Os principais indicadores da saúde do solo e o que revelam
- Carbono orgânico do solo (COS): Reflete a acumulação de matéria orgânica ao longo do tempo. Responde à gestão da cobertura vegetal, ao aporte de resíduos e ao revolvimento do solo. É considerado o indicador de maior integração entre as três dimensões da saúde do solo.
- Densidade do solo: Indica o grau de compactação. Valores elevados limitam o crescimento radicular, reduzem a porosidade e comprometem a infiltração de água. No modelo SMAF (Soil Management Assessment Framework), a curva deste indicador é do tipo “quanto menos, melhor”.
- Estabilidade de macroagregados: Reflete a capacidade do solo de resistir à desagregação pelo impacto da chuva e do manejo mecânico.
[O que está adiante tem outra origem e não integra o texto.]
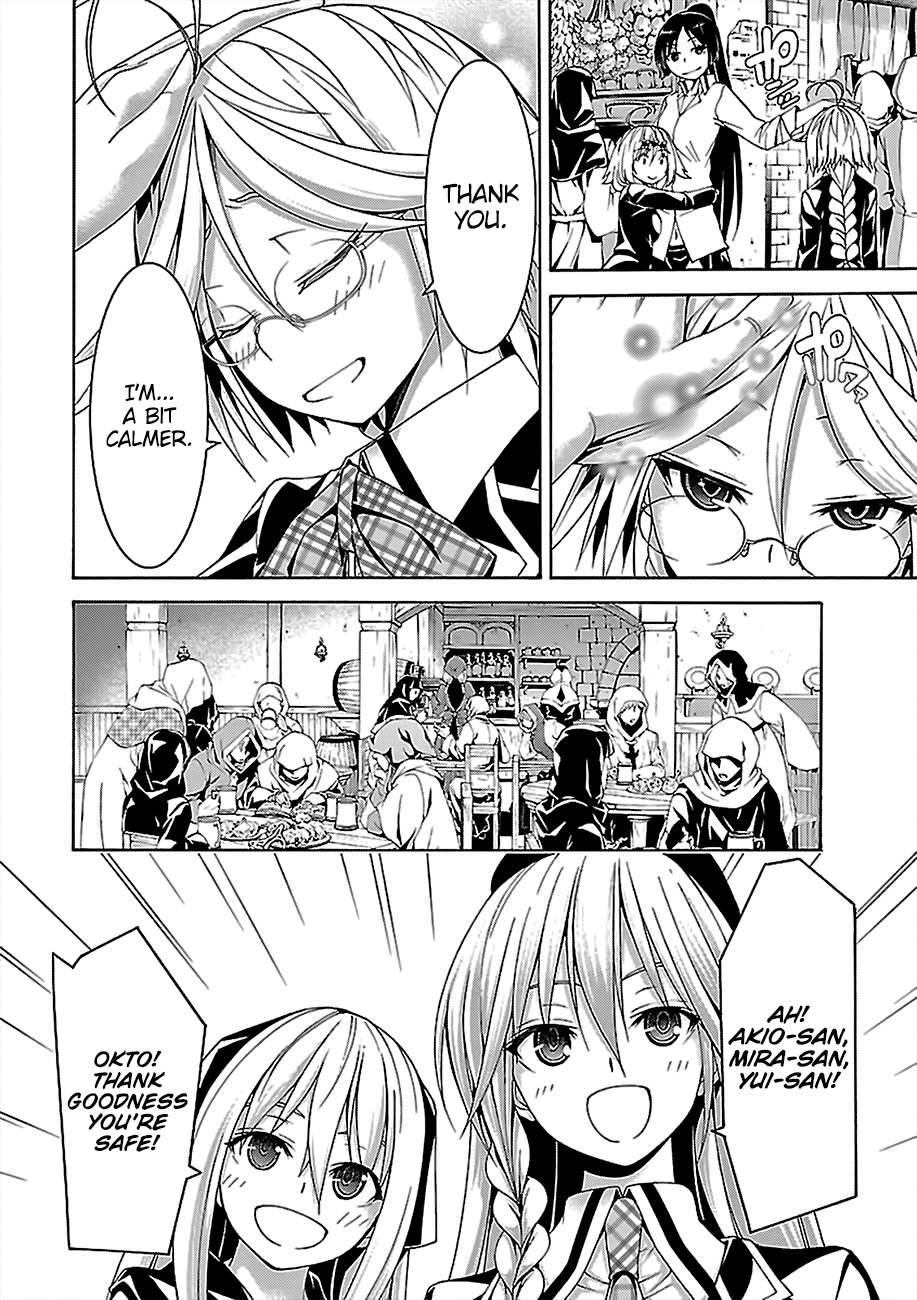 Page 5 of Chapter 73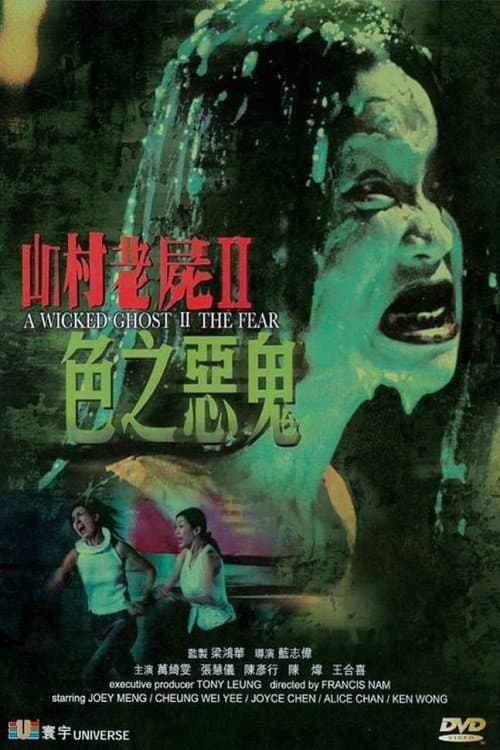Постер: 山村老屍II:色之惡鬼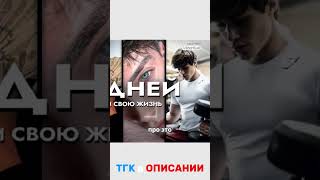 Саморазвитие - твой лучший друг 3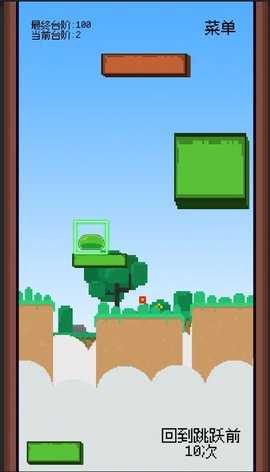 不可忍受的挑战  安卓版 1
Solos com maior estabilidade agregada apresentam menor erosão, melhor infiltração e mais continuidade do sistema poroso.
- Carbono da biomassa microbiana e atividade enzimática: Indicam o nível de atividade biológica e a velocidade de ciclagem dos nutrientes. A atividade da enzima β-glicosidase, por exemplo, está associada à decomposição de matéria orgânica e é altamente sensível às práticas de manejo.
- pH do solo: Apresenta uma curva de pontuação do tipo “ponto ótimo”, pois tanto condições ácidas quanto alcalinas são desfavoráveis à disponibilidade de nutrientes e ao desenvolvimento das plantas.
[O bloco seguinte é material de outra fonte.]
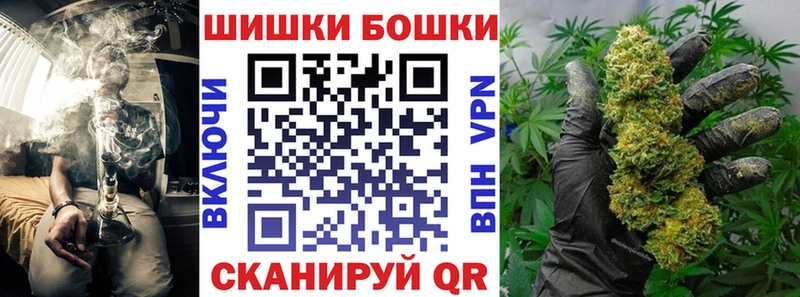 наркошоп  Надым  Марихуана марихуана 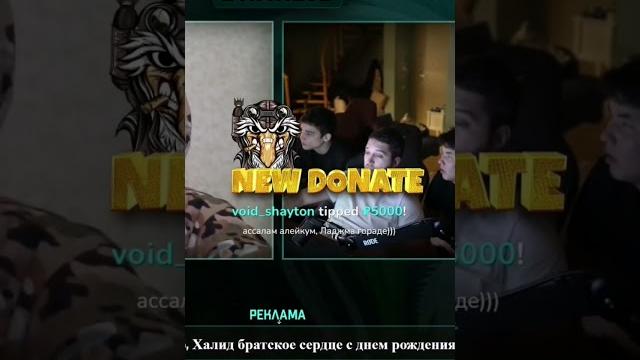 я на донат отвечаю я на донат отвечаю
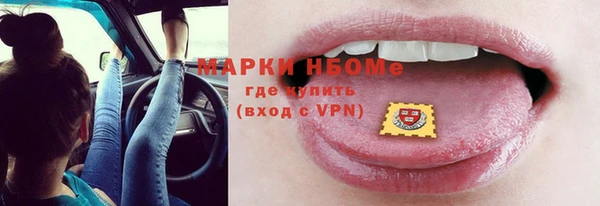 гашиш Армянск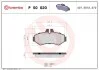 Тормозные колодки дисковые, к-кт. BREMBO P50 020 (фото 1)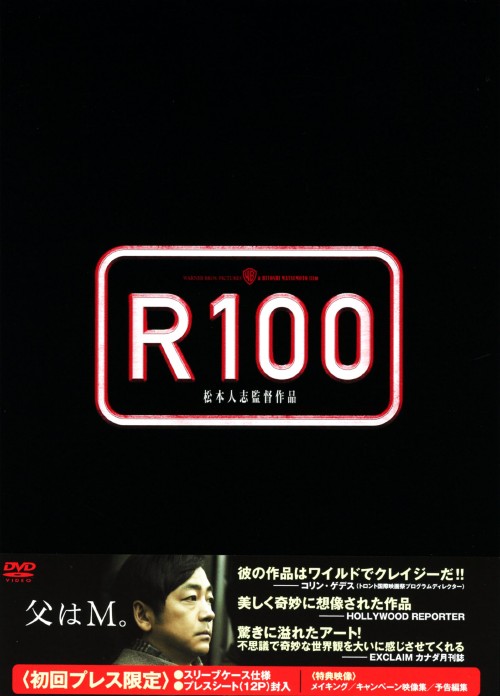 R100/大森南朋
- Capacidade de água disponível: Indica a quantidade de água que o solo é capaz de reter e disponibilizar para as plantas entre as tensões de campo e de murcha permanente. É diretamente influenciada pelo teor de matéria orgânica e pela textura do solo.
Práticas de manejo que constroem a saúde do solo
Os resultados da literatura mostram que a adoção de práticas sustentáveis como plantio direto, diversificação de culturas, consorciação de culturas, integração de sistemas, entre outras, resulta na melhoria da saúde do solo.
Plantio direto de longa duração
Ao manter os resíduos culturais na superfície e evitar o preparo mecânico, o sistema de plantio direto preserva a estrutura do solo, reduz a erosão e diminui a oxidação da matéria orgânica.
O Brasil é referência mundial na adoção desse sistema, que abrange dezenas de milhões de hectares. Mas atenção: o plantio direto isolado não garante a manutenção da qualidade física do solo em áreas com histórico de manejo intensivo. Monitoramento contínuo é indispensável.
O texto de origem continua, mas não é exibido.